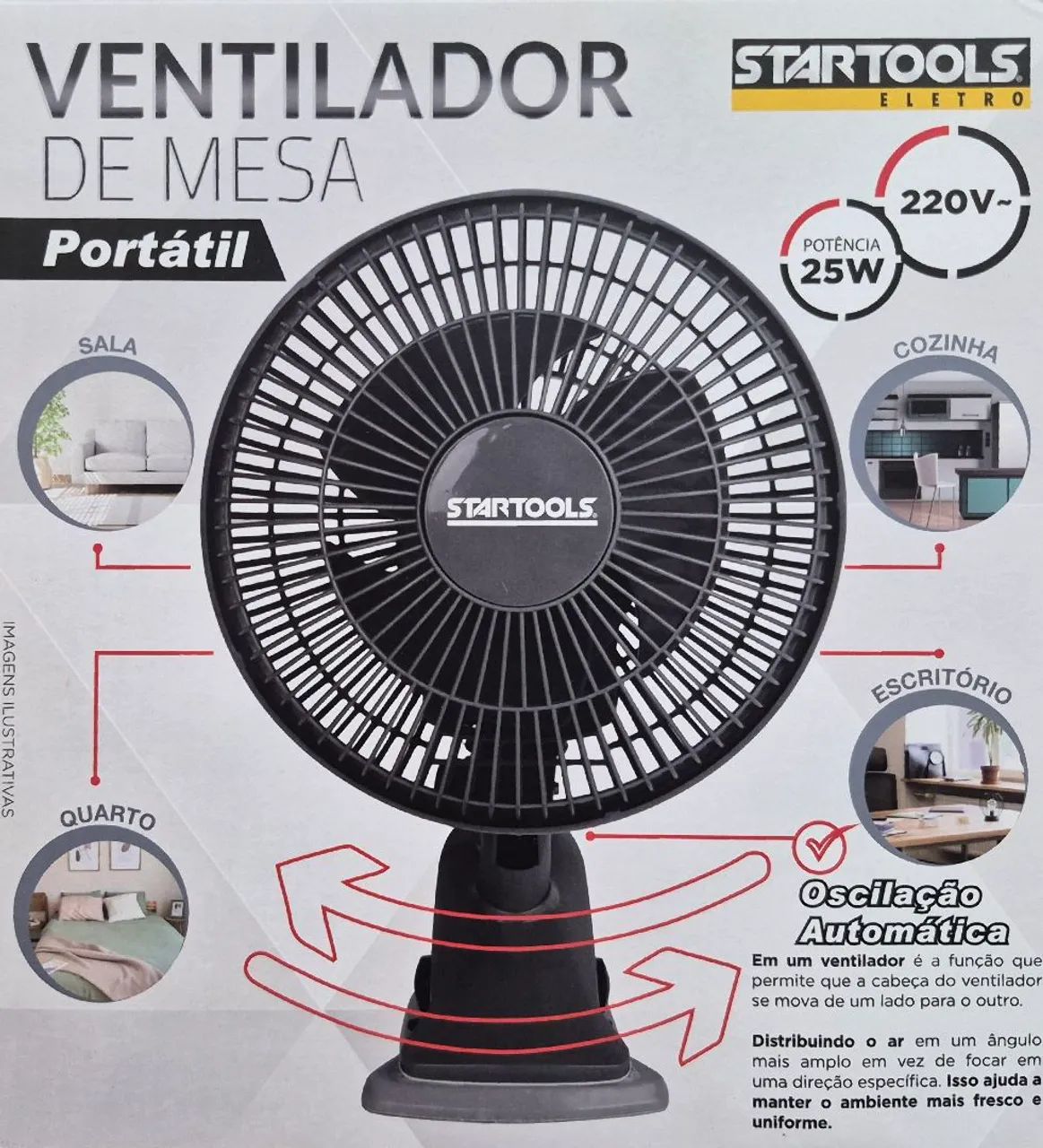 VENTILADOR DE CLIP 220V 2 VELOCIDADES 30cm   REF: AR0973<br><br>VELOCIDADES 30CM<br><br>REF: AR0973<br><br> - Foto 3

==

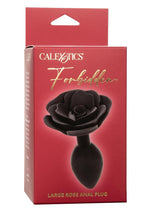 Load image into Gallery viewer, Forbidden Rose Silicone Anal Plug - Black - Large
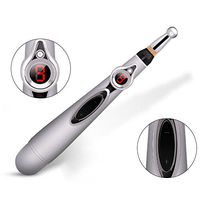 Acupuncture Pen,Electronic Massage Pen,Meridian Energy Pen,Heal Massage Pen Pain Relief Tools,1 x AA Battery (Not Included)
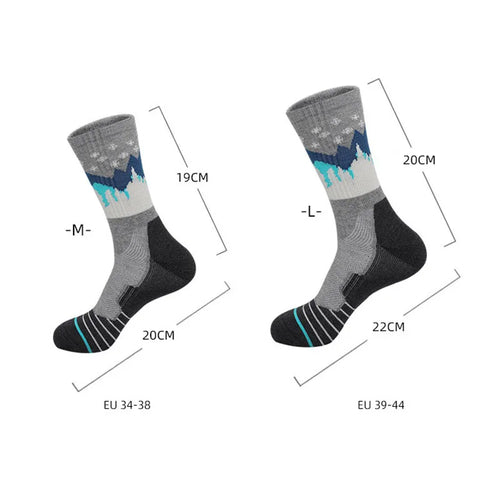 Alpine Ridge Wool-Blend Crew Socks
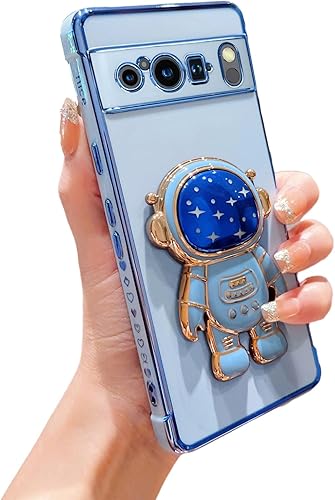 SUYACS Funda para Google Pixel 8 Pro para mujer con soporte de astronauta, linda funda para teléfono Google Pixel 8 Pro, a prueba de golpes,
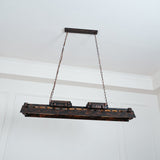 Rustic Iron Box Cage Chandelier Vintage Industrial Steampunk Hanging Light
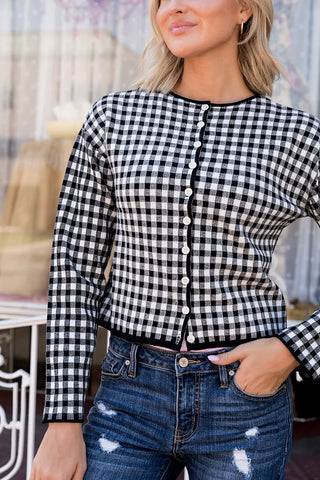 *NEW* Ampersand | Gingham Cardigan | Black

Work instruction = Given the entries above, transcribe exactly the lines from the one holding "SUYACS Funda para" through the one holding "Cardigan | Black"; pictures do not belong in the transcription.

Exercise solution =
 SUYACS Funda para Google Pixel 8 Pro para mujer con soporte de astronauta, linda funda para teléfono Google Pixel 8 Pro, a prueba de golpes,
 Rustic Iron Box Cage Chandelier Vintage Industrial Steampunk Hanging Light
 *NEW* Ampersand | Gingham Cardigan | Black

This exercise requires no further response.